- ASSIGNMENT: Repeat exactly the lines of the material below that run from the "May include: Seafoam" line to the "bedroom with light" line, including both, and do not carry over any pictures.

- RECORDS SUPPLIED:
↓↓↓

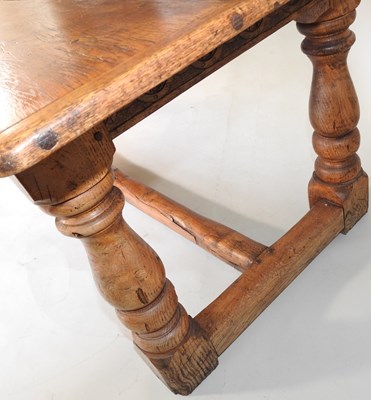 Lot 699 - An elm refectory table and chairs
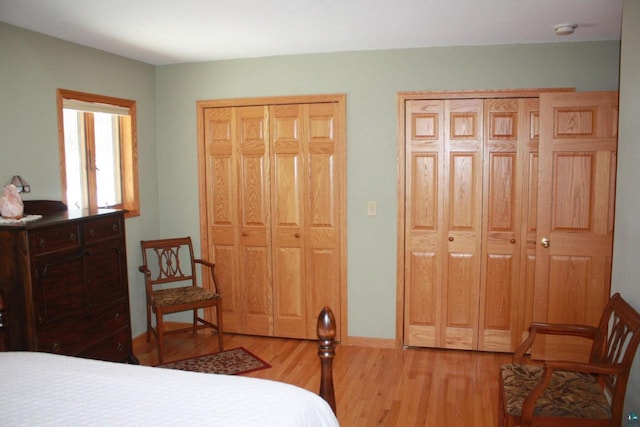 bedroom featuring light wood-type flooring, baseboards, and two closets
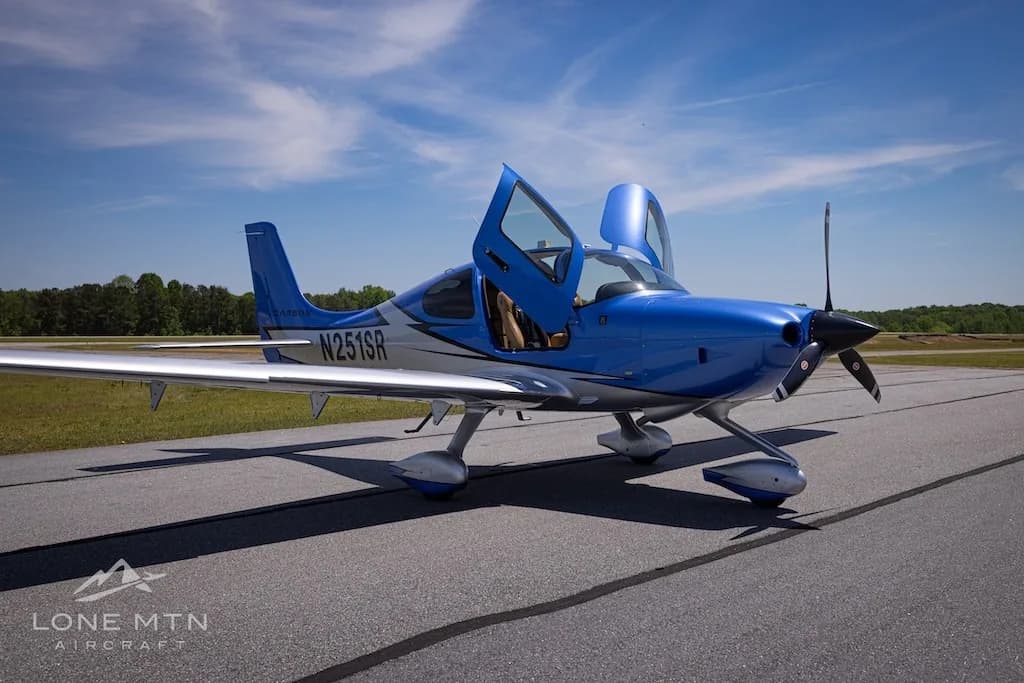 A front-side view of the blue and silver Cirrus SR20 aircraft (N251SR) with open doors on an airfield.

↑↑↑
↓↓↓

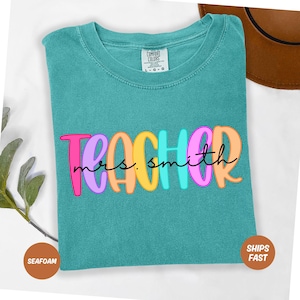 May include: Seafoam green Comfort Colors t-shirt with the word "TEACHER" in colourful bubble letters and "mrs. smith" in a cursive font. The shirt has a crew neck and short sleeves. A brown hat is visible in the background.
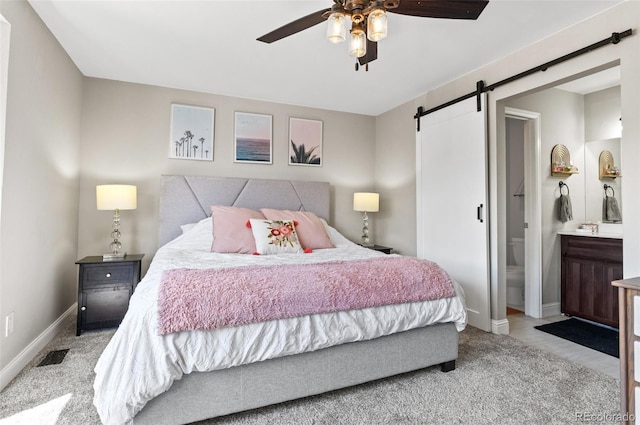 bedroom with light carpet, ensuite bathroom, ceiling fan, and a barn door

↑↑↑
↓↓↓

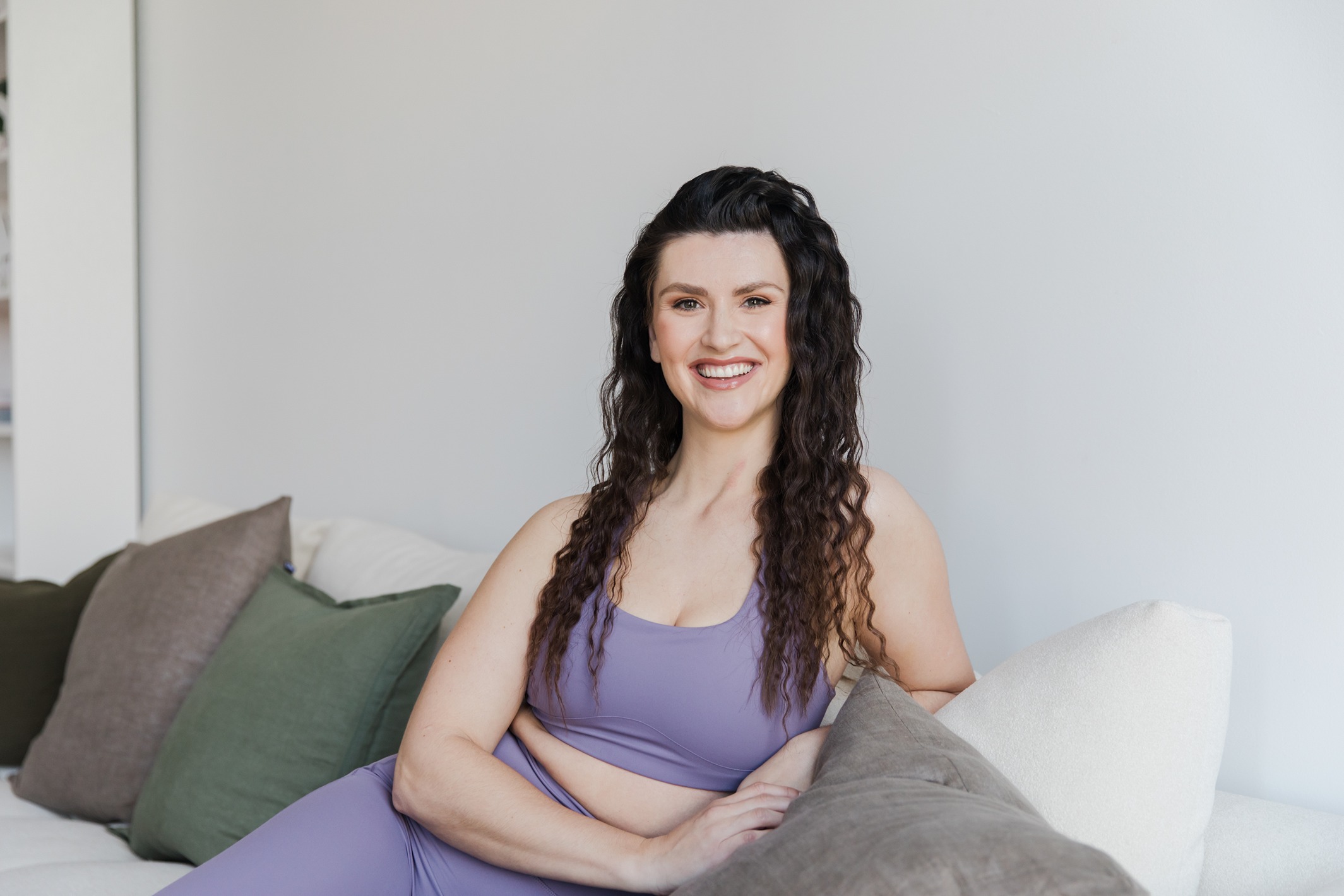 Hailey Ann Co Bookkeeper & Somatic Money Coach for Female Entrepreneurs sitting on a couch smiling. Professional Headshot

↑↑↑

- SOLVED EXERCISE:
 May include: Seafoam green Comfort Colors t-shirt with the word "TEACHER" in colourful bubble letters and "mrs. smith" in a cursive font. The shirt has a crew neck and short sleeves. A brown hat is visible in the background.
 bedroom with light carpet, ensuite bathroom, ceiling fan, and a barn door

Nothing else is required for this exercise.